We’re exactly one year on from the launch of the 2022 EM2030 SDG Gender Index, where we collected data from 144 countries and found that none of them have achieved gender equality. At the current pace of progress, gender equality won’t be reached globally until the year 2108 at the earliest. 

Accelerating progress on gender equality requires resources and investments: Investments in universal public services and social protection.  Investments in care infrastructure.  Funds invested now in healthcare, education, welfare programs, and decent wages for public workers will pay off in the form of healthier, wealthier, and more sustainable societies for all. 

And yet, recent research put out by the #EndAusterity campaign has found that, by 2023, 85 per cent of the world’s population will live in the grip of austerity measures.  Whether because of ideology, or conditions enforced by lenders like the IMF and World Bank, countries – no matter whether rich or poor and across all regions – are embarking on damaging cost cutting programs that hit the poorest and most marginalized girls and women hardest. 

EM2030’s own SDG Gender Index data helps to illuminate how austerity is having a negative impact on gender equality and slowing global progress towards our equality goals. 

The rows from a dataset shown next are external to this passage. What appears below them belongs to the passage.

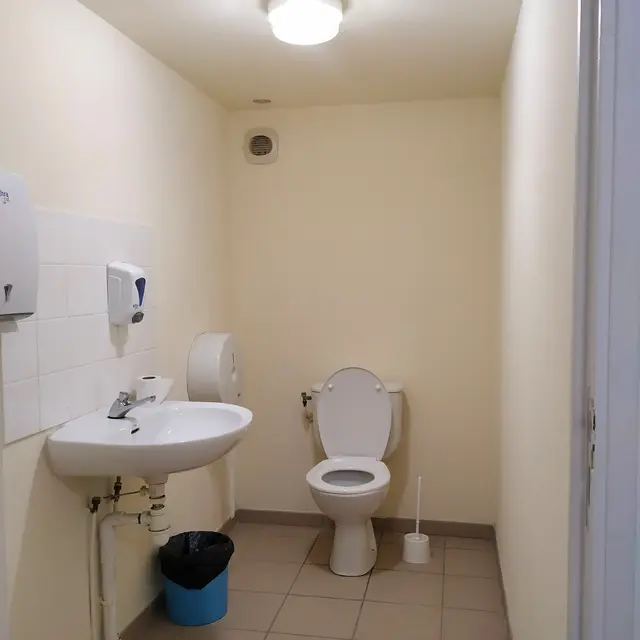 Toilettes publiques de la rue des Écoles -de Gassin - https://gassin.eu
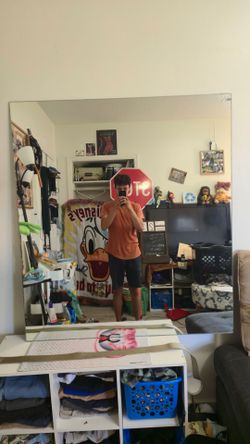 BIIIGG a$$ mirror, not perfectly square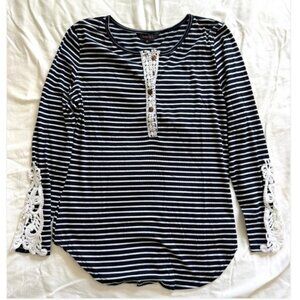 NEW Amaryllis Lace Henley Top Striped White Blue T-Shirt Longsleeve S Small NWT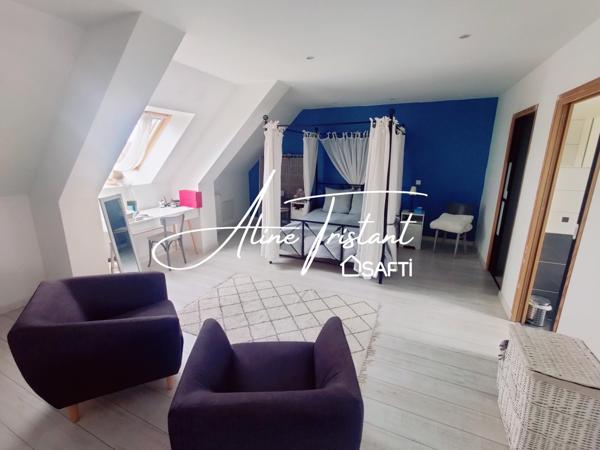 Maison de ville en pierre - 3 chambres et 1 bureau - cour extérieure et Garage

  • The EM2030 Index tracks how much countries are spending on their military (adjusted to take into account the country’s GDP or the country’s wealth).  Why?  Because this indicator helps show that austerity is a political choice rather than a fiscal necessity.  Indeed, we found that between 2015 and 2020 two-thirds of countries increased their military spending.  There is no “magic money tree”, except in the case of military expenditure, it would seem. 
  • EM2030 also tracks laws related to the strength of trade unions and labour rights.  Our Index finds that more than 40 per cent of the countries studied weakened “freedom of association and collective bargaining” rights between the years 2015 and 2020.  In light of these trends, it’s little wonder that so many countries have faced weak organised resistance to their austerity regimes. 

The links between lack of progress on gender equality and austerity can be seen by looking at three country examplesEcuador, Brazil and the UK are three countries that have faced decades of austerity measures and that are making ‘no progress’ or moving in the ‘wrong direction’ on the Index.  

  • Ecuador is one of just six countries in which gender equality (as measured by the EM2030 Index) moved in the ‘wrong direction’ between 2015 and 2020. And it is a country that has endured years of austerity (backed by the IMF), with public investment in the health sector falling 64 per cent in just two years from 2018 to 2020.  
  • Gender equality in Brazil stagnated with ‘no progress’ between 2015 and 2020. Over this same period, Brazil’s constitutional amendment (CA95) capped social expenditures and investments at 2016 levels for the next 20 years, with expenditures that benefit women reduced by 58 per cent.  
  • The UK also made ‘no progress’ on gender equality between 2015 and 2020, registering the worst performance amongst the Group of 7 (G7) countries in terms of gender equality progress. Over a similar time period, austerity has been linked to the fact that around 1 in 20 UK households needed a foodbank between 2016 and 2020. Even before the pandemic, in some areas of the UK ‘most’ children were living in poverty

With the “austerity orthodoxy” throwing progress towards gender equality off course, it’s time to remember that International Women’s Day began has its roots in the working class struggles and suffrage movements of the early 20th century. If we want to accelerate progress on gender equality so that it can be reached long before our forecast of the year 2108, we must come together to push back against harmful cuts and promote real investment in a more equal, prosperous and sustainable future for all.